Lush’s experience through the pandemic has been one that retailers around the world have been grappling with – how to adjust supply chains and logistics to handle unprecedented e-commerce volumes.
The COVID-19 pandemic has divided retailers into a list of winners and losers, with the key separation between the two coming down to investments in e-commerce. A seamless digital experience is more important than ever, a report from global consulting firm McKinsey says.
“As retailers look to the future, they will need to contend with consumers’ expectation for seamless omnichannel fulfillment, as well as retailers’ own increasing productivity pressures,” the McKinsey report said.
Doug Stephens, founder of Toronto-based consultant firm Retail Prophet, says the retailers that have been thriving in e-commerce through the pandemic have invested in digital operations for years, not months or weeks. He points to Nike as an example.
“The seeds were planted long ago for Nike, shifting from wholesale sales to more direct-to-consumer. That was the first real underpinnings of their transformation,” he said in an interview.
“That brought an intense focus on customer experience and massive investments in digital and supply chain technology, so they could properly serve consumers directly at scale.”
What retailers are doing right
Aritzia is another retailer that has posted strong results throughout the pandemic, thanks in large part to its quick shift to digital in the early days of COVID-19 and consistent e-commerce investments. CIBC World Markets analyst Mark Petrie wrote in a note to clients in January after Aritiza posted third quarter results that the company “is well positioned to reach new heights on the other side of COVID.”
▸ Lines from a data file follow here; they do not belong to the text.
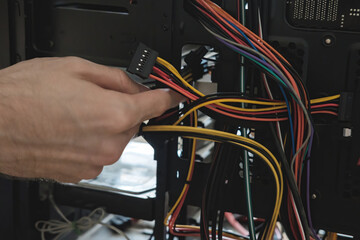 Young man repairs a computer system unit, changes parts, video card and hard drive, sets new components. Computer Repair Wizard.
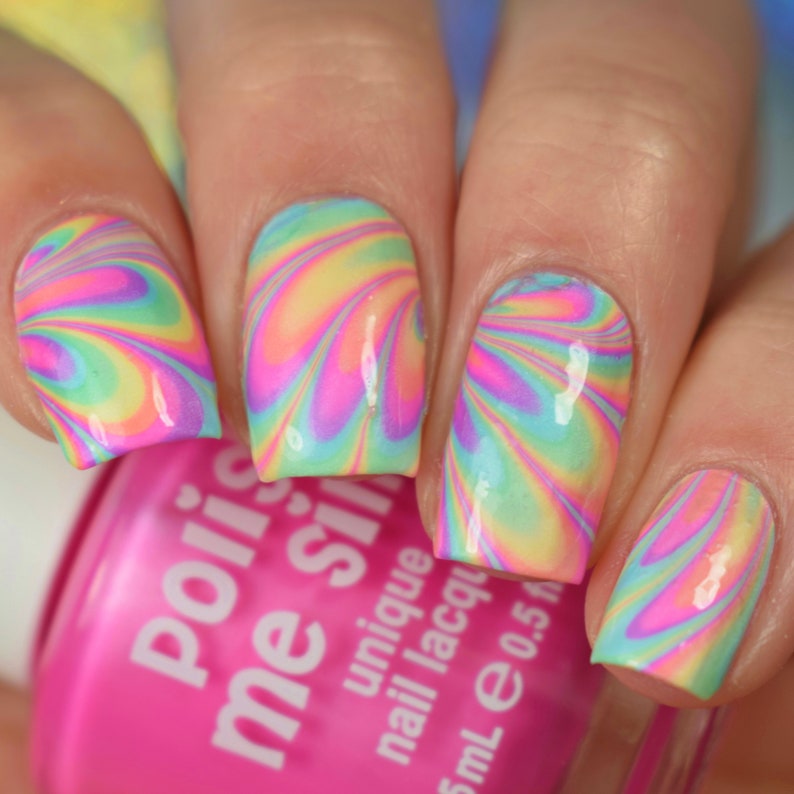 May include: Close-up of a hand with colorful swirl nail art. The nails are painted in a rainbow swirl pattern with pink, yellow, blue, and green colors. The hand is holding a pink bottle of nail polish with the text "Polished" and "Me Silly" on the label.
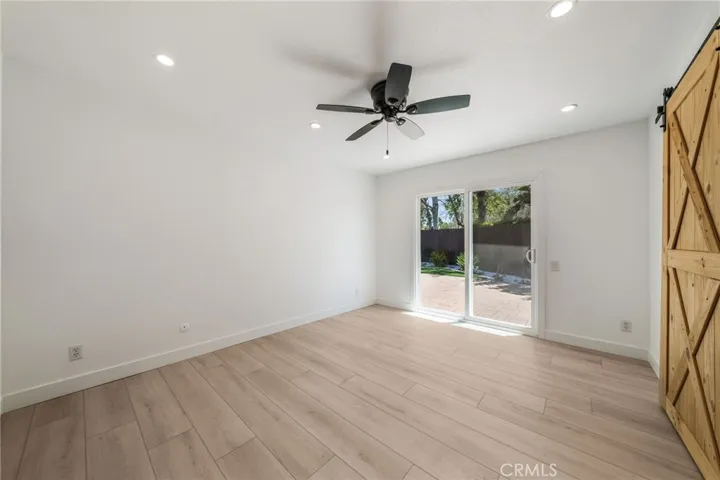 Primary bedroom has a slider to back patio area.
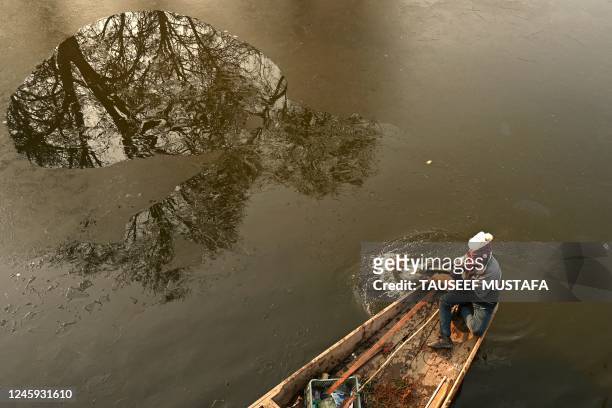 Boatman uses an oar to break the ice layer along the interiors of Dal Lake on a cold winter morning in Srinagar on January 2, 2023.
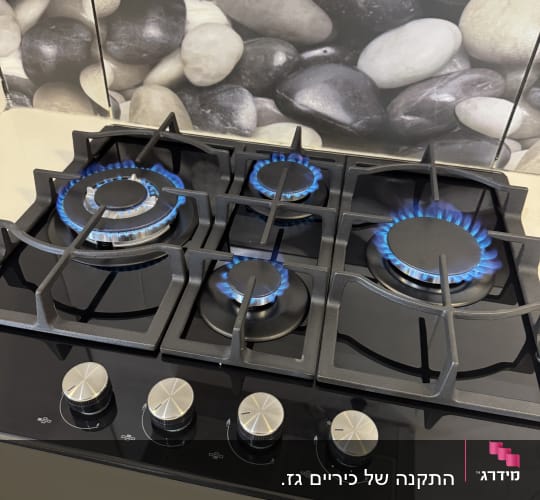 כיריים גז עם להבות כחולות על רקע אבנים דקורטיביות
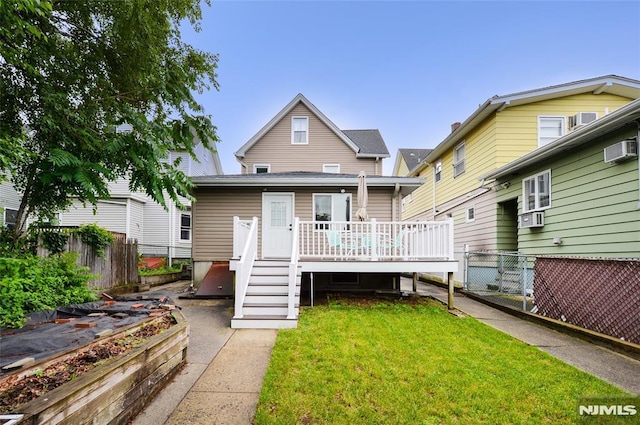 39 Mozart St, East Rutherford, NJ 07073 - view of front of property featuring a deck, a wall unit AC, and cooling unit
“Sales grew, profits barely dropped and cash flows surged as e-commerce sustained and store productivity improved,” Petrie wrote.
“The consistent e-commerce growth with only modest decline in store productivity shows strength in these times.”
Unlike many retailers, curbside pickup has not become a critical service for Aritiza through the pandemic. Chief executive Brian Hill told analysts on a conference call recently that that’s due in part to the company’s strength in e-commerce.
“Our e-commerce is so effective,” Hill said.
“If you’re in Toronto and you order something before noon today, you could potentially get it by tomorrow morning. So we’ve just found that our e-commerce channel is so efficient that people prefer that meaningfully over curbside pickup.”
For Lush, Cochrane said the key part in the early days of the pandemic was removing friction from the online ordering process. For example, the company improved its inventory visibility on its website, so customers know which items are available for in-store pickup or online shipping before they get to checkout.
“We needed to find ways for customers to get their orders faster. That quickly became the No. 1 priority,” she said. Lush was recently listed as one of the top retailers in Canada when it came to online experience, according to the Wow Digital survey conducted by Leger. The web survey polled nearly 14,000 Canadians ages 15 and older who had recently visited at least one website or app. Leger said 173 websites and apps were considered, with 300 respondents evaluated each one.